Re: help me with this sed expression

2004-01-05 Thread Gautam Gopalakrishnan
On Tue, Jan 06, 2004 at 01:45:04PM +1030, Malcolm Kay wrote:
> On Tue, 6 Jan 2004 12:50, Gautam Gopalakrishnan wrote:
> > On Tue, Jan 06, 2004 at 12:30:42PM +1030, Malcolm Kay wrote:
> > > On Mon, 5 Jan 2004 22:19, Zhang Weiwu wrote:
> > > > Hello. I've worked an hour to figure out a serial of sed command to
> > > > process some text (without any luck, you kown I'm kinda newbie). I
> > > > really appreciate your help.
> > > >
> > > > The original text file is in this form -- for each line:
> > > > one Chinese word then one or two English word seperated by space.
> > > >
> > > > I tried to do things like s/\(.*\)\([a-z]*\)/\2 \1/ but the first
> > > > \(.*\) is too greedy and included the rest [a-z].
> > >
> > > Well the greedy part is easily fixed with:
> > >   s/\([^a-z]*\)\([a-z]*\)/\2 \1/
> > >
> > > But this will not work for those lines with 2 english words. The
> > > following should: % sed -n -e 's/\([^a-z]*\)\([a-z]*\) .*/\2 \1/p' -e
> > > 's/\([^a-z]*\)[a-z]* \([a-z]*\)/\2 \1/p' original > target
> >
> > I think awk is easier:
> >
> > awk '{print $2 " " $3 " " $1}' original | tr -s > target
> 
> I'm not really very familiar with awk, but I must say this
> is a much simpler and rather magical solution.
> 
> How does awk know which part of the original line goes into $1, $2 and $3.
> (You will notice there is no space between the chinese and english words).
> 

It does not.  I did not read the earlier mail properly. But there
is an easier way than all those regexes: Prefix the first a-z char
with a space and use awk.

sed -e 's/\([a-z]\)/ \1/' | awk '{print $2" "$1} NF==3 {print $3" "$1}'

Gautam

___
[EMAIL PROTECTED] mailing list
http://lists.freebsd.org/mailman/listinfo/freebsd-questions
To unsubscribe, send any mail to "[EMAIL PROTECTED]"

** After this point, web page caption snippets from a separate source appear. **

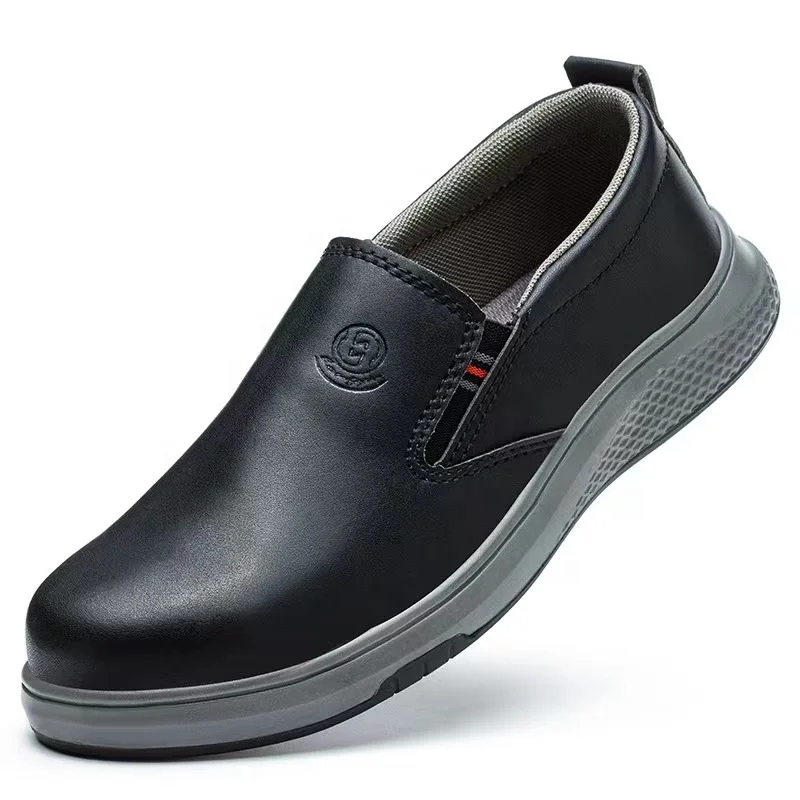 Защитная обувь со стальным носком Мужская антистатическая защитная кружевная с низким вырезом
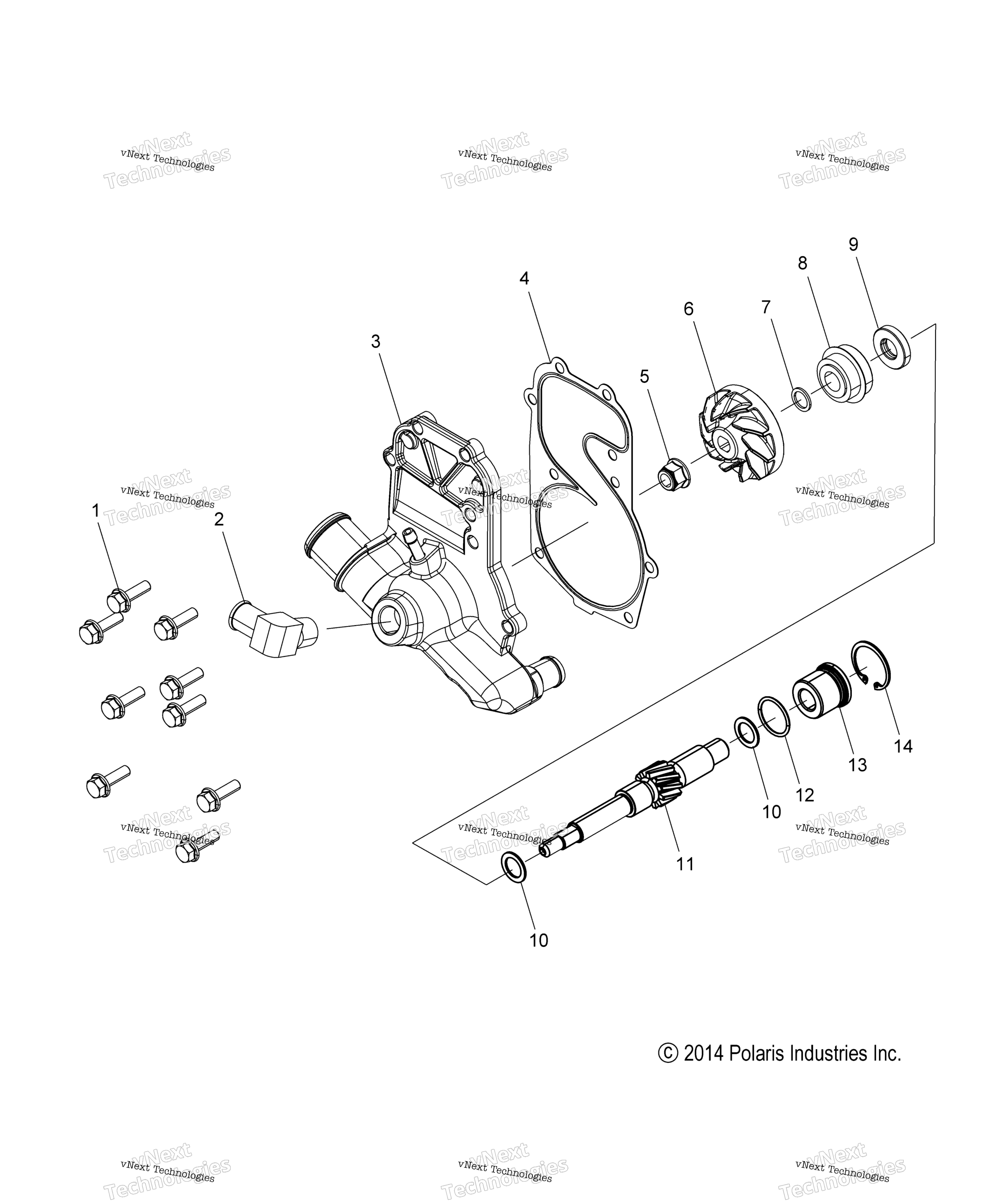 Engine, Water насос All Options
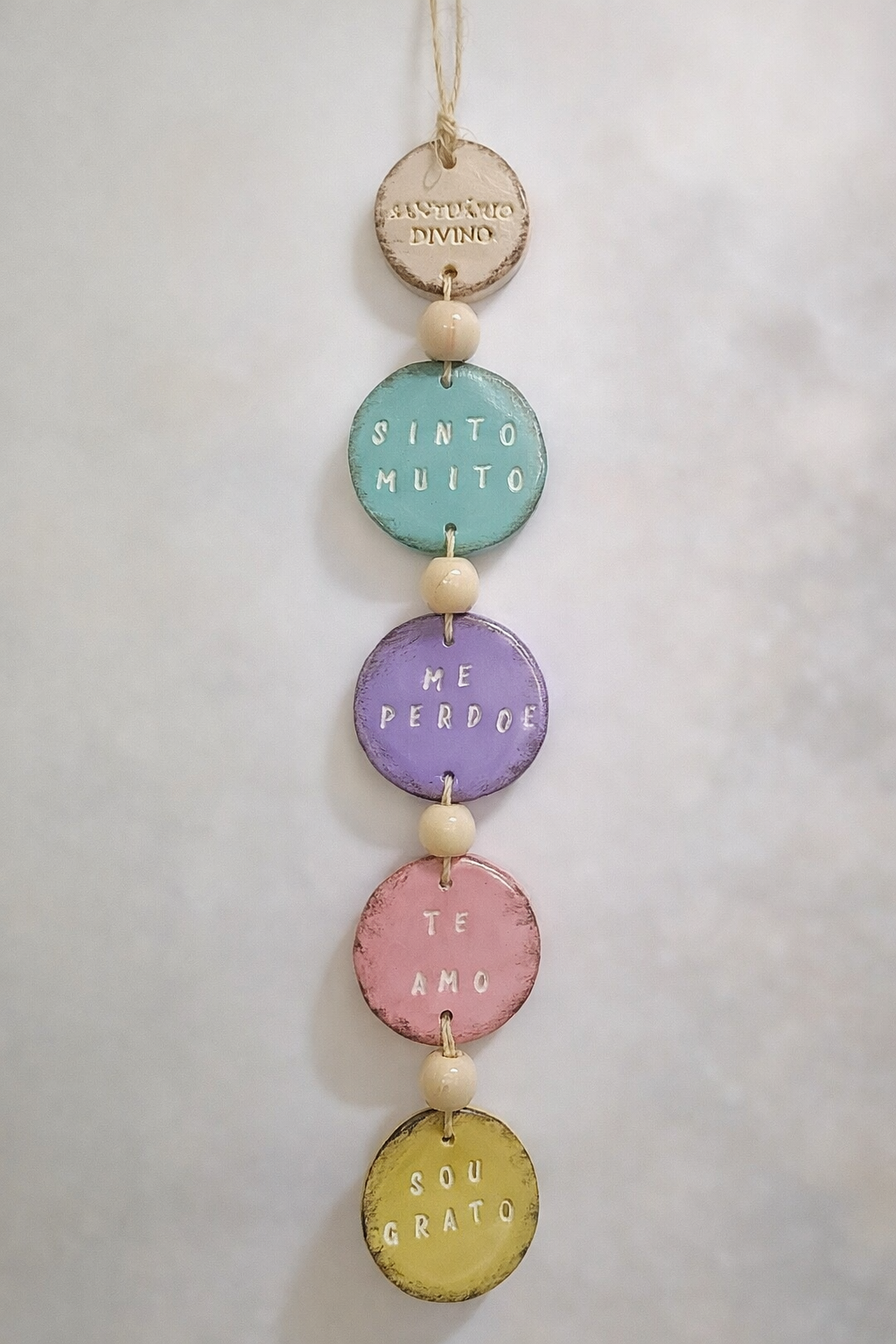 Mobile Ho'oponopono em Cerâmica 35 cm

Re: help me with this sed expression

2004-01-05 Thread Malcolm Kay
On Tue, 6 Jan 2004 12:50, Gautam Gopalakrishnan wrote:
> On Tue, Jan 06, 2004 at 12:30:42PM +1030, Malcolm Kay wrote:
> > On Mon, 5 Jan 2004 22:19, Zhang Weiwu wrote:
> > > Hello. I've worked an hour to figure out a serial of sed command to
> > > process some text (without any luck, you kown I'm kinda newbie). I
> > > really appreciate your help.
> > >
> > > The original text file is in this form -- for each line:
> > > one Chinese word then one or two English word seperated by space.
> > >
> > > I tried to do things like s/\(.*\)\([a-z]*\)/\2 \1/ but the first
> > > \(.*\) is too greedy and included the rest [a-z].
> >
> > Well the greedy part is easily fixed with:
> >   s/\([^a-z]*\)\([a-z]*\)/\2 \1/
> >
> > But this will not work for those lines with 2 english words. The
> > following should: % sed -n -e 's/\([^a-z]*\)\([a-z]*\) .*/\2 \1/p' -e
> > 's/\([^a-z]*\)[a-z]* \([a-z]*\)/\2 \1/p' original > target
>
> I think awk is easier:
>
> awk '{print $2 " " $3 " " $1}' original | tr -s > target

I'm not really very familiar with awk, but I must say this
is a much simpler and rather magical solution.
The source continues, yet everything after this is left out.